In March, after the ACLU alerted state officials to problems with the Heritage curriculum that had been offered in Pawtucket and Woonsocket public schools, the Department of Education notified schools across the state that the Heritage materials had been “determined to be NOT consistent with the Rhode Island Health Education Standards.” At the time, the ACLU pointed out that the curriculum was filled with misinformation, sexist stereotypes and discriminatory attitudes towards gay and lesbian families.

Last month, the Department of Education approved a revised Heritage curriculum for use in public schools. However, the ACLU noted in today’s letter that the curriculum continues to have serious flaws. For example, the materials suggest that condoms only protect against chlamydia and gonorrhea 50 percent of the time, contradicting findings from the Centers for Disease Control and World Health Organization that speak to the effectiveness of condoms in protecting against STDs.

Moreover, the Heritage curriculum persists in isolating gay and lesbian youth and students in non-traditional families by suggesting that marriage is responsible for better health, lower rates of injury and illness, lower rates of depression and an increased “likelihood that fathers and mothers have good relationships with their children.” This emphasis, said the ACLU, “appears to be a roadmap to instilling depression, if not fear, in gay and lesbian teens who cannot benefit from marriage and in other students who live in non-traditional households.”

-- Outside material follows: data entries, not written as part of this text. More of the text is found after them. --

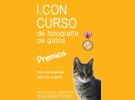 I. Concurso de fotografa de gatos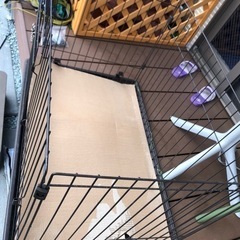 ゲージの画像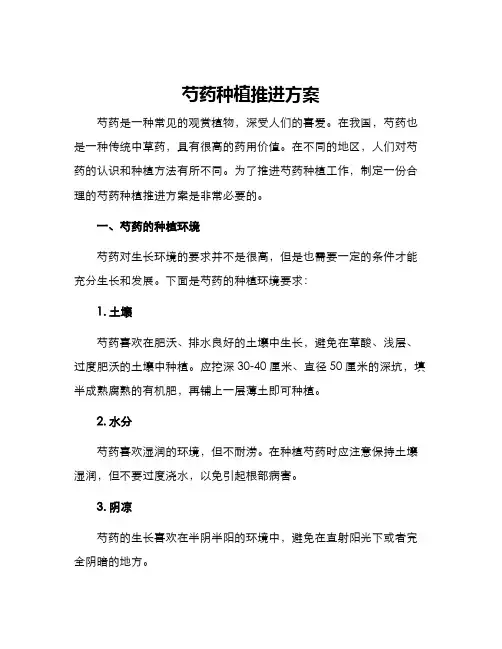 芍药种植推进方案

The ACLU of Rhode Island’s efforts to stop the misuse of public dollars to fund ineffective, medically inaccurate, and discriminatory abstinence-only-until-marriage sex ed programs is part of a national ACLU campaign, which encourages health and life-skills curricula that present medically accurate, age-appropriate, and unbiased information about sex and sexuality. Since 1997, the federal government has spent more than a billion dollars on abstinence-only-until-marriage programs. Yet research indicates that many such programs do not help teens delay having sex, and some studies show that these programs actually deter teens from protecting themselves from unintended pregnancy or disease when they start having sex.